13. Isso posto, cabe transcrever o artigo 12 do RITCMD, que trata da base de cálculo do imposto:

“Artigo 12 – A base de cálculo do imposto é o valor venal do bem ou direito transmitido, expresso em moeda nacional (Lei 10.705/00, art. 9º, com alterações da Lei 10.992/01).

§ 1º – Considera-se valor venal o valor de mercado do bem ou direito na data da abertura da sucessão ou da realização do ato ou contrato de doação.

(…)”. (G.N.)

14. Dessa maneira, como a hipótese é de transmissão de direito relativo a bem (móvel ou imóvel) objeto de contrato de alienação fiduciária, em que somente parte das parcelas foram quitadas até a data do fato gerador, trata-se, dessa forma, de se estabelecer qual é o valor venal do direito que está sendo transmitido (valor da base de cálculo).

15. Nesse ponto, observe-se que, caso tomemos, como valor do direito transmitido, a simples somatória das parcelas pagas pelo transmitente até a data do fato gerador, corremos o risco de quantificar esse direito desproporcionalmente ao valor venal do próprio bem (móvel ou imóvel) na mesma data.
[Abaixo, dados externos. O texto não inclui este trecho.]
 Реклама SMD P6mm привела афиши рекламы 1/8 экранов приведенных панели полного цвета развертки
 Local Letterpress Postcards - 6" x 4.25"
16. Assim, para fins do ITCMD, para se determinar o valor venal desse direito, que já traz para aquele que o recebeu a obrigação de pagar as parcelas não vencidas do contrato, deve-se, em relação à data do fato gerador:

16.1. Levantar o valor venal do próprio bem (móvel ou imóvel), cujo direito está sendo transmitido ( A );

16.2. Calcular o valor total que seria necessário para quitar as obrigações do contrato (valor presente à data do óbito) ( B );

16.3. Obtidos tais valores (A e B), o valor venal do direito transmitido será o resultado positivo da subtração entre esses dois valores, ou seja:

Valor do direito = A – B; desde que positivo ( A > B )

17. Caso o valor total de quitação das obrigações contratuais seja superior ao valor venal do bem – móvel ou imóvel ( B > A ), não há que se falar em valor venal do direito, já que, em princípio, o valor da obrigação relativa ao bem é maior que o valor do próprio bem (móvel ou imóvel). Portanto, nesse caso, não há imposto a pagar.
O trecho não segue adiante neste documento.